Thursday, December 29, 2011
Greece must not leave asylum seekers at the mercy of extremists
December 29, 2011
On the morning of 25 May, Kelly from Ghana was on the bus going to a pickup place at the outskirts of Athens, where African immigrants and asylum seekers go to look for work, when he was attacked by a mob. He saw them from afar, standing at the bus stop – a group of about 10 young men – but thought nothing of it. They were probably going to one of the demonstrations, he supposed. But as they entered the bus, they pulled out bats, iron rods and knives, and attacked him.
As Greece struggles to avoid economic meltdown, dark-skinned immigrants and asylum seekers have become scapegoats in racially motivated attacks that, according to the United Nations high commissioner for refugees, have become an almost daily occurrence in Athens.
Last week, in cases pertaining to asylum seekers caught entering the UK and Ireland, the European court of justice upheld that asylum seekers could not be sent back to Greece because they risk being subjected to "inhuman or degrading treatment".

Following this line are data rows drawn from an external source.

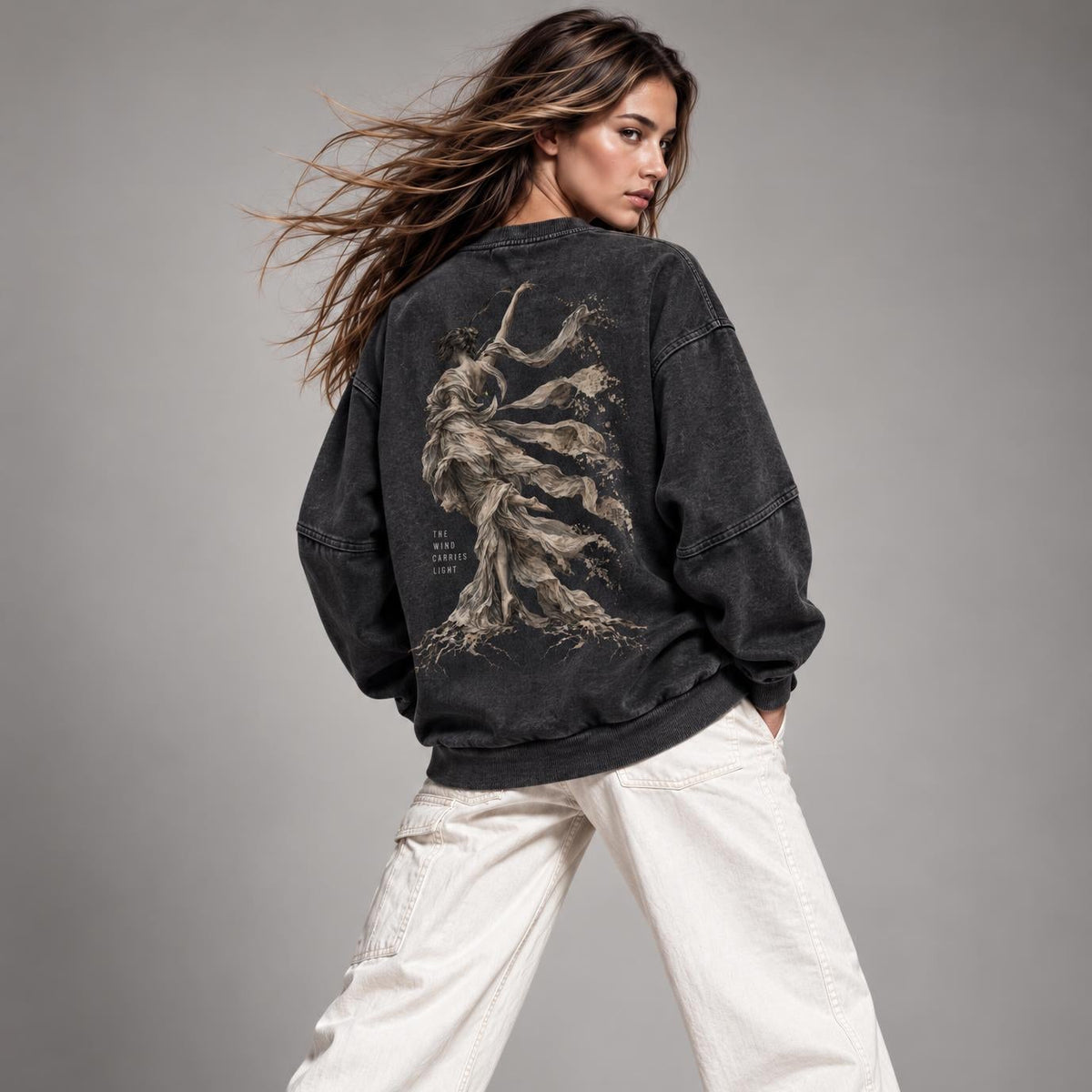 A woman modeling a washed black crewneck sweatshirt from the back, featuring a large graphic print of a winged figure on the back. She is wearing off-white wide-leg cargo pants and white sneakers against a neutral gray studio background.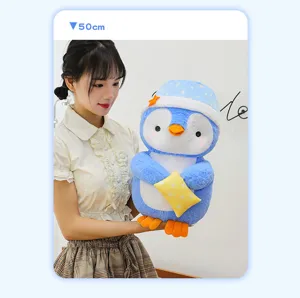 Detailed view of the cute sleeping cap penguin plush toy with pillow, soft plush texture.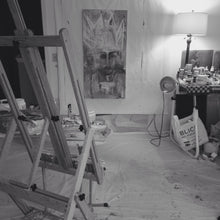 black and white photo of art studio with easel and painting on wall by cheryl wasilow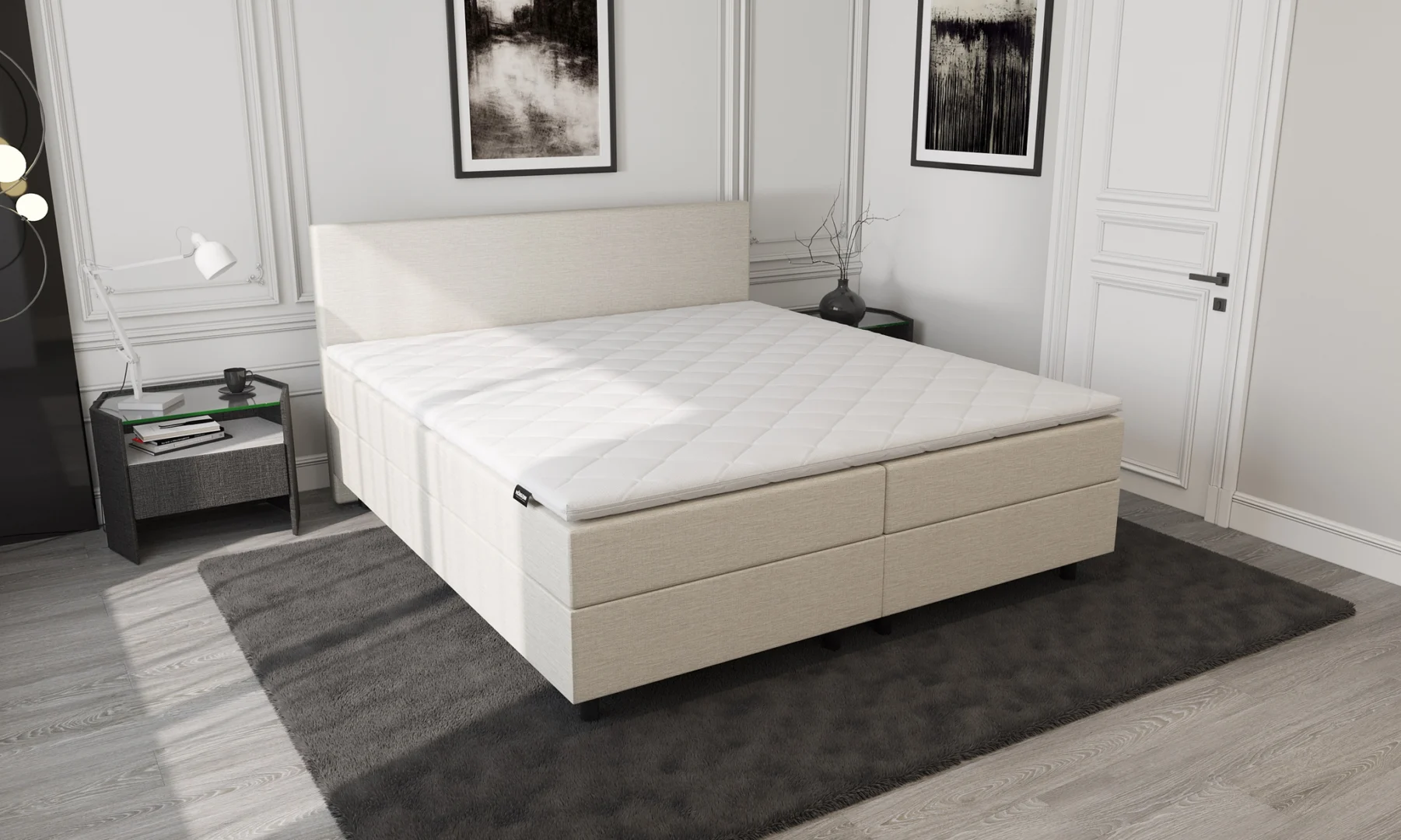 Beige boxspring met opbergruimte en pocketvering in een lichte kamer. Zijaanzicht van het bed met een wit matras en een donker vloerkleed.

Ninety per cent of undocumented immigrants enter the EU via Greece. The Greek response has been to announce the construction of a barbed wire wall on the Turkish border, though the EU has made clear that such a wall will receive no funding. The influx of migrants has not been welcomed by some segments of the Greek population. Thus the extreme rightwing party Golden Dawn won its first ever seat on the Athens city council in November 2010 on an anti-immigrant agenda.